Blake’s isolation was—I sometimes think it still is—absolute. It was the isolation of a mind that sought to make the best of heaven and earth, in the image of neither. It was isolation of a totally different kind of human vision; of an unappeasable longing for the absolute integration of man, in his total nature, with the universe. It was the isolation of a temperament run on fixed ideas; and incidentally, of a craftsman who could not earn a living. There are analogies to Blake’s position in a world which has so many displaced persons as our own; but they are inadequate. Blake’s isolation may be likened to that of the revolutionary who sits in his grubby room writing manifestoes against a society that pays him no attention, with footnotes against other revolutionaries who think him mad. It was that of the author who prints his own books. It was that of the sweetly smiling crank who sits forever in publishers’ offices, with a vast portfolio under his arm, explaining with undiminishable confidence that only through his vision will the world be saved. It was that of the engraver who stopped getting assignments because he turned each one into an act of independent creation. Blake was a lyric poet interested chiefly in ideas, and a painter who did not believe in nature. He was a commercial artist who was a genius in poetry, painting, and religion. He was a libertarian obsessed with God; a mystic who reversed the mystical pattern, for he sought man as the end of his search. He was a Christian who hated the churches; a revolutionary who abhorred the materialism of the radicals. He was a drudge, sometimes living on a dollar a week, who called himself “a mental prince”; and was one.

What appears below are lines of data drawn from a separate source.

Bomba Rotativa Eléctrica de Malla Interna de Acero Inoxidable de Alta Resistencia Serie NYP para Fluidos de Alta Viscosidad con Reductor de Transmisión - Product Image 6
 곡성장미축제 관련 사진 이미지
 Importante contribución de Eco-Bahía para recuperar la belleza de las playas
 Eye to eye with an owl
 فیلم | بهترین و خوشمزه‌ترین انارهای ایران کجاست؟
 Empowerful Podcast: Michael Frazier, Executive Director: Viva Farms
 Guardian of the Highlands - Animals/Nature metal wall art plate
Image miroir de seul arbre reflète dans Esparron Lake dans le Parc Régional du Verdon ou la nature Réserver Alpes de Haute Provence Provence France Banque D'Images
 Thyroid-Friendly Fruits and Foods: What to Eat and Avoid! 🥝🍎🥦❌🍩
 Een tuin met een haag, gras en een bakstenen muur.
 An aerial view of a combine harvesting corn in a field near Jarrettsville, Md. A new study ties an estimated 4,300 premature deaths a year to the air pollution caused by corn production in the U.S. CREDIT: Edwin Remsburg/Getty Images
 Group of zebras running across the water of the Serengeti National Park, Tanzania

There are other points of difference between Blake and Beethoven, important to recognize before we can appreciate their likeness. With Beethoven we are in the stream of modem secular culture. Beethoven, the enduring republican and anti-Bonapartist, the social dramatist of
Fidelio,
the jealous admirer of Goethe, the celebrant of Schiller’s call to the joyous brotherhood of man, is a central figure in
our
history, as Blake never has been. We remember Beethoven the moralist, the Beethoven who felt so gratefully at home in the world of Kant that he copied out a sentence, probably at secondhand, and kept it on his work-table—“The starry heavens above us and the moral law within us. Kant!!!” To Blake the “moral law” was a murderous fiction and the stars were in the heavens because man’s imagination saw them there. Beethoven speaks to our modern humanity in tones we have learned to prize as our own and our greatest, as Blake has not yet; he is uneasily religious and spiritually frustrated, in a familiar agnostic way, where Blake is the “immoralist” and “mystic” by turns. Beethoven could not hear the world, but he always believed in it. His struggles to sustain himself in it, on the highest level of his creative self-respect, were vehement because he could never escape the tyranny of the actual. He was against material despotisms, , and knew them to be real. Blake was also against them; but he came to see every hindrance to man’s imaginative self-liberation as a fiction bred by the division in man himself. He was against society in toto: its prisons, churches, money, morals, fashionable opinions; he did not think that the faults of society stemmed from the faulty organization of society. To him the only restriction over man are always in his own mind—the “mindforg’ d manacles.”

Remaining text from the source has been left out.